WHAT TO WORK ON: From the first line to the last, please reproduce the material exactly, skipping the pictures.

DATA BLOCK:
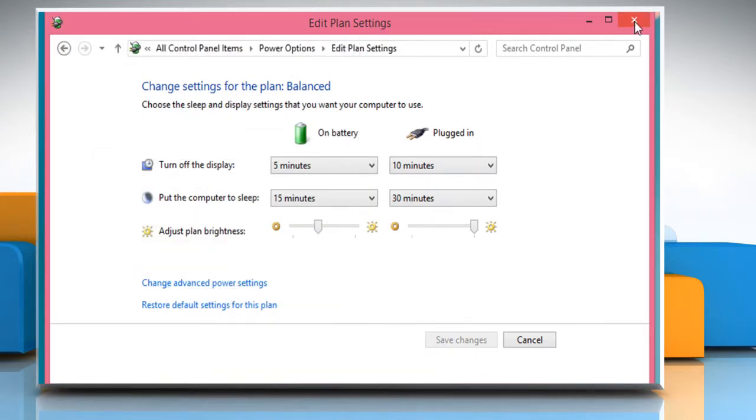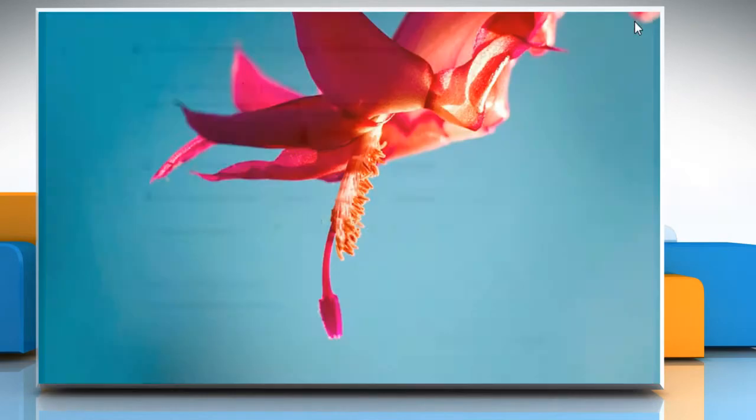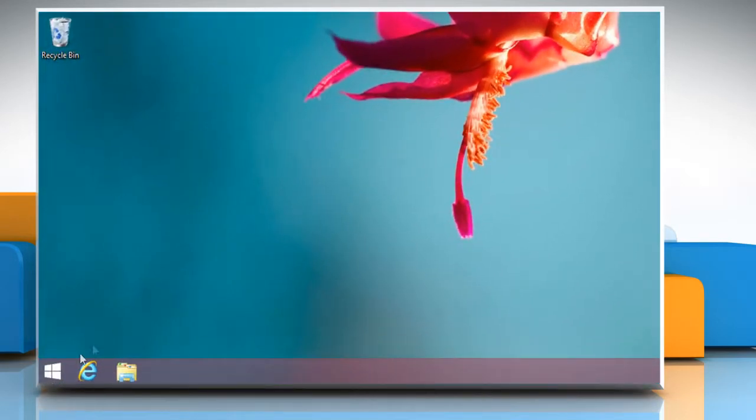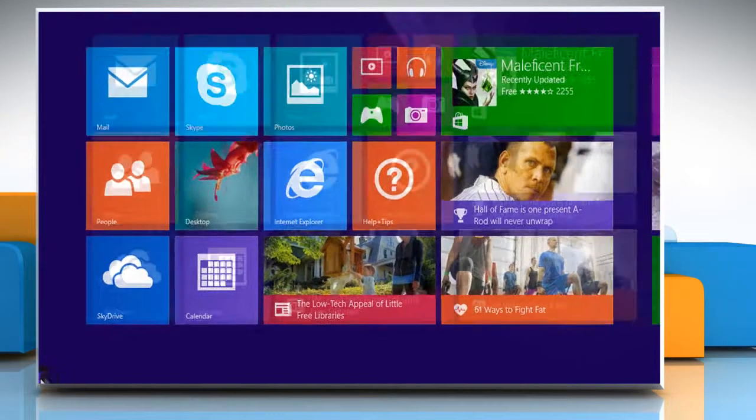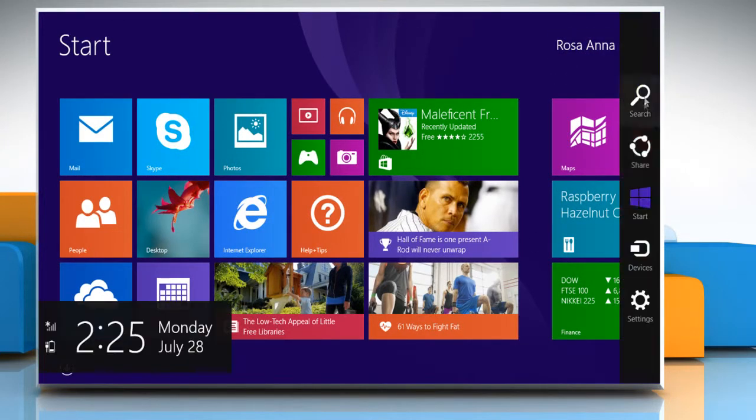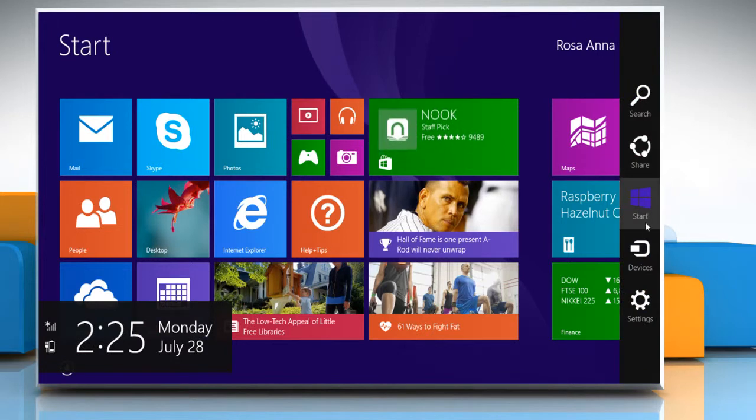Close the Edit Plan Settings window. Go to the Start screen. Move the mouse pointer to the top right corner of the Start screen to access the Charms menu.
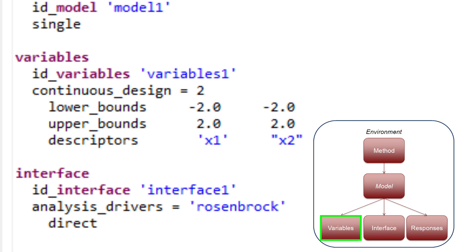This variables block specifies that there are two continuous design variables. The subspecifications for continuous design variables provide the descriptors x1 and x2, as well as lower and upper bounds for these variables. The information about the variables is organized in column format for readability. So both variables x1 and x2 have a lower bound of negative 2 and an upper bound of 2.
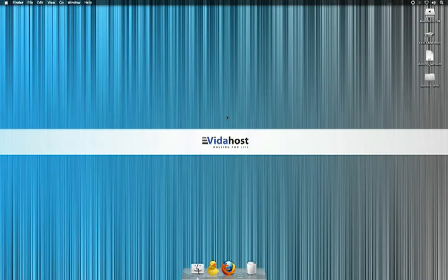Hello, welcome to another VidaHost video tutorial. Today we're going to be having a look at FTP.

SOLVED EXERCISE:
Close the Edit Plan Settings window. Go to the Start screen. Move the mouse pointer to the top right corner of the Start screen to access the Charms menu.
This variables block specifies that there are two continuous design variables. The subspecifications for continuous design variables provide the descriptors x1 and x2, as well as lower and upper bounds for these variables. The information about the variables is organized in column format for readability. So both variables x1 and x2 have a lower bound of negative 2 and an upper bound of 2.
Hello, welcome to another VidaHost video tutorial. Today we're going to be having a look at FTP.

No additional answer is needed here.